Considering how difficult high-quality engineering talent is to obtain, what’s the true opportunity cost of building a solution that you could have bought? Instead of building something that you could buy, are there features you can build instead that will give you a greater market share, increase competitive advantage or serve your customers better?
So, you should ask yourself, what features are you deprioritizing or delaying on your roadmap to accommodate building a set of features you could buy? The more carefully that you consider these tradeoffs, the more clear it becomes that building software that you could buy rarely makes strategic sense.
Can you accelerate your go-to-market?
Along with vision, speed of execution is what matters in tech. Optimizing for speed means ruthlessly prioritizing the differentiating features of your offering and getting it to users quickly. Even if you had unlimited resources as far as money and engineering talent, you still wouldn’t have unlimited time. So, no matter how well funded your company is, it will never make sense to build all of the capabilities that you require. That’s why it’s critically important to be mindful of what makes the most sense for you to build.
Picking the “buy” option can mean accelerating your go-to-market by months (or even years!). So your question shouldn’t be ‘can I build this?’ but ‘should I?’
Solutions that meet your needs
If you find a solution that meets your needs, it almost never makes sense to build.

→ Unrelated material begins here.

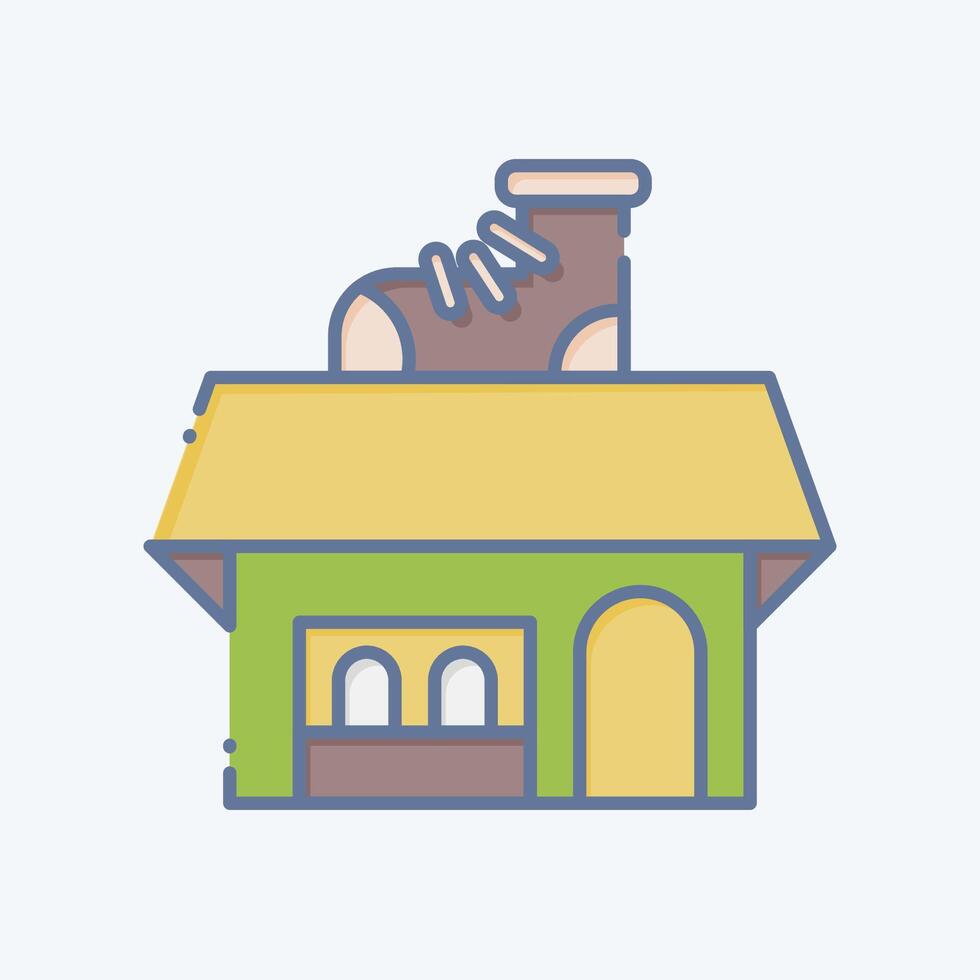 Icon Shoe Shop. related to Shoemaker symbol. doodle style. simple design editable. simple illustration vector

On the other hand, if a solution needs extensive customization to cover your use case, or you can’t find anything on the market that comes close to what you were looking for, building is your best bet. If your use-case is on the fringes of the value proposition of what you’re buying, or you won’t be using it as intended, it will cost you time and money in the long run. Don’t put square pegs in round holes!
Another element often overlooked while buying a product is the team behind it. If you’re buying a solution from a team you trust, you can think of them as a force multiplier to your core product. They become an enabler, and as Zack Kanter puts it “you’re effectively buying autoscaling, on demand top talent.”
When is building the right approach?
Building is the right thing to do in lots of different scenarios, but in general it can make sense to build software you could buy if:
- You’re building a core part of your value propositions and competitive differentiation. This is especially true when you have solid domain expertise, and what you’re choosing to build is part of your core competency.
- You have the engineering talent (fungible R&D) to buid it, or time to hire and train engineers, and you operate at scale. This makes the most sense if your company is large and will use this software at a scale that doesn’t fit with software you could buy.
- You should absolutely build software when your needs are unique. If you have very specific needs, and you can’t find a solution that fits your unique needs as a company, then you should build what you need.
On the other hand, if there’s a solution available that directly solves your needs and is built by a team you trust, the right answer is to buy. The indirect advantages of freeing up space on your roadmap to solve problems that differentiate you as a company, and shipping faster, can’t be understated.
Make an informed decision
Lastly, make this build vs buy decision after holistic evaluation of the visible and invisible costs. Use a structured decision making framework to avoid heuristic-based decision making. In his whitepaper ‘A Structured Approach to Strategic Decisions’ Kaheneman discusses evaluative judgements — places where you need to boil down large amounts of complex information to a decision, like whether to build or buy. In such decisions, you need to watch out for cognitive biases like availability bias, confirmation bias, and excessive coherence.
Carefully weighing both invisible and visible costs can help you reduce the errors in your decision making and judgment process.